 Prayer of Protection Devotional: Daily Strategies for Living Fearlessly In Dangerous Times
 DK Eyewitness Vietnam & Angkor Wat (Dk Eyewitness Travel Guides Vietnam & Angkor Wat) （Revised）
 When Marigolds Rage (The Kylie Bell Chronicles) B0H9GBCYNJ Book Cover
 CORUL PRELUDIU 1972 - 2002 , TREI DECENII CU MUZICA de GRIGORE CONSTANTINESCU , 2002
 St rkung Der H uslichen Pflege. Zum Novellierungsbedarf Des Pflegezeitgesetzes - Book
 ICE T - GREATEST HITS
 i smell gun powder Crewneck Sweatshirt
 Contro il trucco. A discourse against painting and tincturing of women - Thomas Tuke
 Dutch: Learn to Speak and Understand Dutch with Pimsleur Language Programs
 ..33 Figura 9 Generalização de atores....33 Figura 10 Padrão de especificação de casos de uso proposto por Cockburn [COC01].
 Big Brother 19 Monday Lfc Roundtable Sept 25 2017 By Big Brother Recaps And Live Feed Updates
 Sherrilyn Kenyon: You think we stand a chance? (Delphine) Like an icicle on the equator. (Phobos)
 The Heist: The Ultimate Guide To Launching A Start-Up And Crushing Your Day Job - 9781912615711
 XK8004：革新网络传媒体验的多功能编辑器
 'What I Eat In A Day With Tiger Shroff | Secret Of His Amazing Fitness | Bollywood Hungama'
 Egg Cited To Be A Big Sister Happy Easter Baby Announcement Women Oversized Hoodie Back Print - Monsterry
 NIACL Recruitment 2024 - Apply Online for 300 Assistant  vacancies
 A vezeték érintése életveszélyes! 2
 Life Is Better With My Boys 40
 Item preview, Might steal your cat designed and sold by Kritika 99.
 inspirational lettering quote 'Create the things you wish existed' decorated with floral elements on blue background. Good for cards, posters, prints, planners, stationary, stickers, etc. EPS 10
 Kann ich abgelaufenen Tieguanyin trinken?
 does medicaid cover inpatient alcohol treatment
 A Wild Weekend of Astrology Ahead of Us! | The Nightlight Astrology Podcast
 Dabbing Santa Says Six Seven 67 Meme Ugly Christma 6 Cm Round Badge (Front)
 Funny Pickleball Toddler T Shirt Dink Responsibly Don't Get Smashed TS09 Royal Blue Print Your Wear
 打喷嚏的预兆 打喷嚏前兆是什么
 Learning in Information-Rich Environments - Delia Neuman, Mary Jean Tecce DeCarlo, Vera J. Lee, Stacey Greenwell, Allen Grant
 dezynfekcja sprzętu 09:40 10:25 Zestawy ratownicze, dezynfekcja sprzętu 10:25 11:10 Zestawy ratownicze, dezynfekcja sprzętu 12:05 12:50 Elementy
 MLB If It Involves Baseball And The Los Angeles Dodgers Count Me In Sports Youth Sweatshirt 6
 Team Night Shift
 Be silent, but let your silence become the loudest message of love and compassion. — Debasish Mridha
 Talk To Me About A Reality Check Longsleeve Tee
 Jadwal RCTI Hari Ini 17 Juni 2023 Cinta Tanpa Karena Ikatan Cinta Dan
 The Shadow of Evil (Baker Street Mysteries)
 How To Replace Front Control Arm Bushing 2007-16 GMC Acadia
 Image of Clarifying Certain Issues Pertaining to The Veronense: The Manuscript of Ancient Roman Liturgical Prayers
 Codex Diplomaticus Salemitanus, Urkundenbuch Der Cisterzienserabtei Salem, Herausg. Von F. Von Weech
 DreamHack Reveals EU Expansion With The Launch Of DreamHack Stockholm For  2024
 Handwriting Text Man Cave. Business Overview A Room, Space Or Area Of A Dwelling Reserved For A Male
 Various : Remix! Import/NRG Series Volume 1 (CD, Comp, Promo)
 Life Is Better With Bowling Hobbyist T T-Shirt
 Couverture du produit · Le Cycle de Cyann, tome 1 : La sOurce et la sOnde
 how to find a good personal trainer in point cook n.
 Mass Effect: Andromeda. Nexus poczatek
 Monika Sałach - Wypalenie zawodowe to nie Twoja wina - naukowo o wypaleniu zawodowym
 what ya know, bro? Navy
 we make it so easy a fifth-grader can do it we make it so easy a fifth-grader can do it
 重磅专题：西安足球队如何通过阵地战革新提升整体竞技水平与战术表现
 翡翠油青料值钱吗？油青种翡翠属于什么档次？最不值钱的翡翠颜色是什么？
........
- _Work request_: The answer must hold exactly the lines of the entries above, from the first line through the line that contains "When Marigolds Rage", and no others.

- _Result_:
 Prayer of Protection Devotional: Daily Strategies for Living Fearlessly In Dangerous Times
 DK Eyewitness Vietnam & Angkor Wat (Dk Eyewitness Travel Guides Vietnam & Angkor Wat) （Revised）
 When Marigolds Rage (The Kylie Bell Chronicles) B0H9GBCYNJ Book Cover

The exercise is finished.